* Your task: Using the data that follows, output only the lines from the line with "Düzeltme- Trabzon’da karla" up to and including the line with "maison de 300m2", exactly, leaving pictures aside.

* Data:
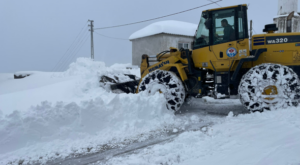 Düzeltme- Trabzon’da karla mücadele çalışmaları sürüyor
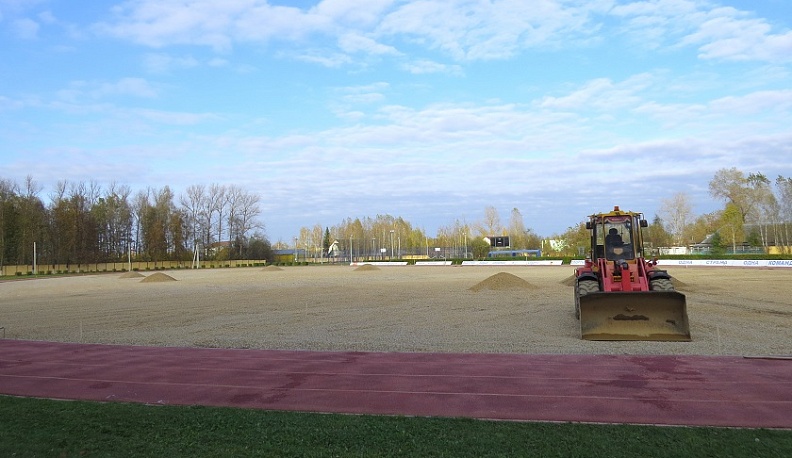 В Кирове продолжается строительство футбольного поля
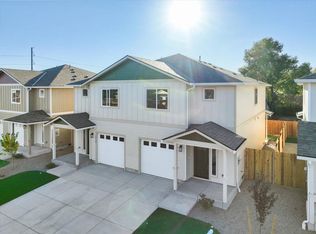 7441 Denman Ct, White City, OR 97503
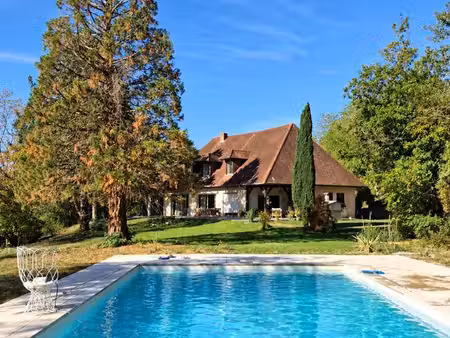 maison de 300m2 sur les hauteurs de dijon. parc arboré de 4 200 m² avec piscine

--

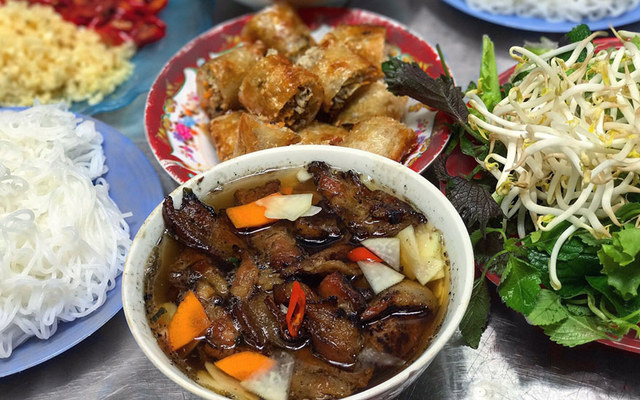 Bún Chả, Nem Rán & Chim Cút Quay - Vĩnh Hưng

...

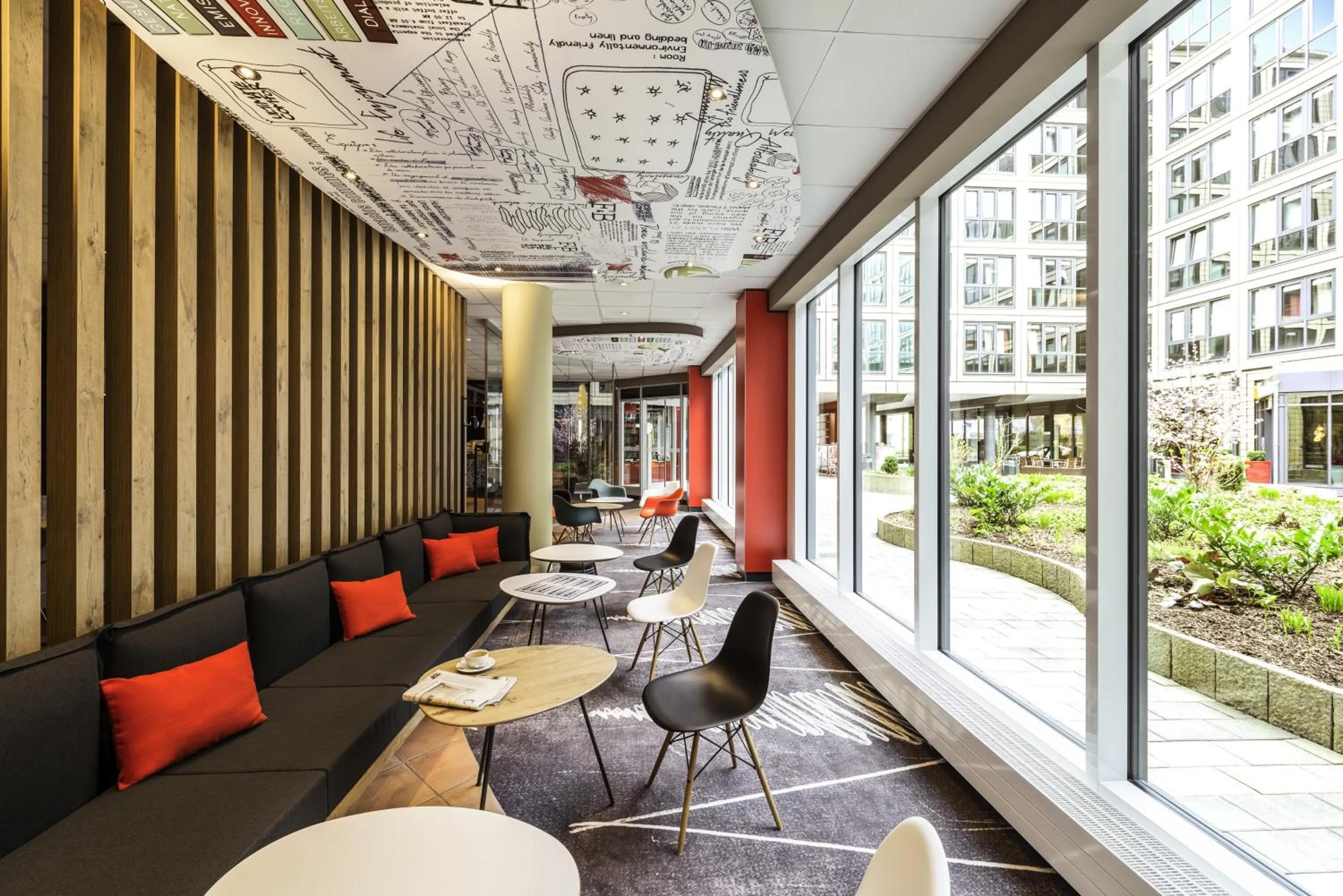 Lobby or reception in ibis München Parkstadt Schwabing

* Reply:
 Düzeltme- Trabzon’da karla mücadele çalışmaları sürüyor
 В Кирове продолжается строительство футбольного поля
 7441 Denman Ct, White City, OR 97503
 maison de 300m2 sur les hauteurs de dijon. parc arboré de 4 200 m² avec piscine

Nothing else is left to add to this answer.